A Câmara do Comércio também levou ao ar anúncios
flagrantemente enganosos.
A
verdade, obviamente, é que, assim como estudantes, enfermeiras e caminhoneiros
podem ficar doidões antes de exercerem suas obrigações, hoje eles também podem
ficar bêbados. Não faz sentido dizer que
eles irão fazer um mas não irão fazer o outro.
E a verdade é que empresas podem impedir que seus clientes e empregados
fumem maconha em sua propriedade, assim como companhias de seguro não
aceitariam empresas que deixassem que seus empregados ficassem doidões e
operassem maquinário pesado ou pilotassem aviões.
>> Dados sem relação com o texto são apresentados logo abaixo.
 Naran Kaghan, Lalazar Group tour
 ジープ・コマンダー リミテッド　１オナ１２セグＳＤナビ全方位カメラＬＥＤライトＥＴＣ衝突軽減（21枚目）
Com efeito, a maconha é mais
segura que o álcool e é provavelmente apenas a 10ª droga recreativa mais
problemática que existe.
Dadas
as poderosas forças que se opuseram à Proposição 19 — em conjunto com suas
mentiras e trapaças —, as forças da liberdade e da prosperidade não devem
ficar desanimadas com essa derrota inicial.
Agora já temos uma cópia do seu manual de estratégia — políticos,
plantadores de maconha e lojas que vendem a erva medicinalmente se opõem à
legalização, ao passo que organizações cristãs, distribuidoras de cervejas e
advogados antidrogas espalham mentiras visando à proteção de seus próprios
interesses.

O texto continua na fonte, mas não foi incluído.